Why This Blog Exists
I’m not writing this to summarize tax law changes or publish technical guidance. There are plenty of places to find that information.
My goal is to offer practical perspective—the kind that comes from working alongside hundreds of business owners as they navigate growth, uncertainty, and transition.
In baseball terms, it’s understanding the situation before the pitch is thrown. In golf, it’s knowing when laying up is the smarter play than trying to force a shot.
Here, I’ll share:
- Observations from real client situations
- Common mistakes I see repeated—and how to avoid them
- Hard truths that are easier to hear before they become expensive
- Insight into how better decisions are made before problems surface
This is about connecting the numbers to the real-world decisions that shape a business.
What You Can Expect From Me
The content here will be:
- Straightforward and honest
- Business-focused, not overly technical
- Grounded in experience, not theory
- Opinionated when necessary, but always practical
I’ll write about topics that cut across accounting, tax, payroll, financial matters, and growth—because in the real world, those areas don’t operate in silos.
Much like sports, business decisions don’t happen in isolation. Every move affects the next one. Positioning matters. Timing matters. And understanding the full situation often matters more than raw execution.

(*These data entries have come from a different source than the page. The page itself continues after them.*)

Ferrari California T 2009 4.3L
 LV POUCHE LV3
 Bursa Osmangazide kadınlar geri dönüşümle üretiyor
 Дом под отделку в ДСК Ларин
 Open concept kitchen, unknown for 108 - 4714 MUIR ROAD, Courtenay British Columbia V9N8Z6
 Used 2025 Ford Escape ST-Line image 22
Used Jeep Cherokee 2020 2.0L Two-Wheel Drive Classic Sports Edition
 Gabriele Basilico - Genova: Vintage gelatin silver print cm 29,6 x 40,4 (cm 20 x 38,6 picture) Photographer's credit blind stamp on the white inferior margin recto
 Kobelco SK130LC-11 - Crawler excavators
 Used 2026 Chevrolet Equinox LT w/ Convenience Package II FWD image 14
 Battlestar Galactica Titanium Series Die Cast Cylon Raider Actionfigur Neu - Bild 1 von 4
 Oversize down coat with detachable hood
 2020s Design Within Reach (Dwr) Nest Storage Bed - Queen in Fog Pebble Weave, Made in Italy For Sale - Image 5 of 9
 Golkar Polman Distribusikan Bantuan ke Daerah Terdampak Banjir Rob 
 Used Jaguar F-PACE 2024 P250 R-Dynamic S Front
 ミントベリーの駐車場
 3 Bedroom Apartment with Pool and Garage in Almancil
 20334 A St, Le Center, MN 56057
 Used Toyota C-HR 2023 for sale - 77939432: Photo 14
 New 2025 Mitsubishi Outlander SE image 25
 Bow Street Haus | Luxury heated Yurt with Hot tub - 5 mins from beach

You won’t find generic advice or one-size-fits-all answers. You will find perspective shaped by experience and a belief that asking better questions usually leads to better outcomes.
How Often I’ll Publish
This will be a monthly blog.
My intention is to publish one post each month, typically driven by what I’m seeing in real time with business owners and executives. Consistency matters—but substance matters more. I’d rather write less often and say something meaningful than publish content for the sake of publishing.
Just like in baseball or golf, it’s not about how often you swing—it’s about making the swings that matter.
Who This Blog Is For
This blog is written for:
- Business owners and executives
- Entrepreneurs and startup founders
- Professionals navigating growth or transition
- Students interested in business, leadership, and real-world decision-making
- Anyone who wants to better understand the business impact of financial decisions
If you’re looking for insight that helps you think more clearly about your business—or your future in business—this blog is for you.
A Final Thought
Most business challenges aren’t caused by a lack of effort. They’re caused by decisions made without enough context, conversation, or foresight.
In sports, you don’t succeed by staring at the ball alone—you succeed by understanding the field, the conditions, and what comes next. Business works the same way.
If the perspective shared here helps you ask better questions, start better conversations, or avoid a costly mistake, then this blog is doing exactly what it’s meant to do.
And if a post sparks a conversation you think is worth having, that’s even better.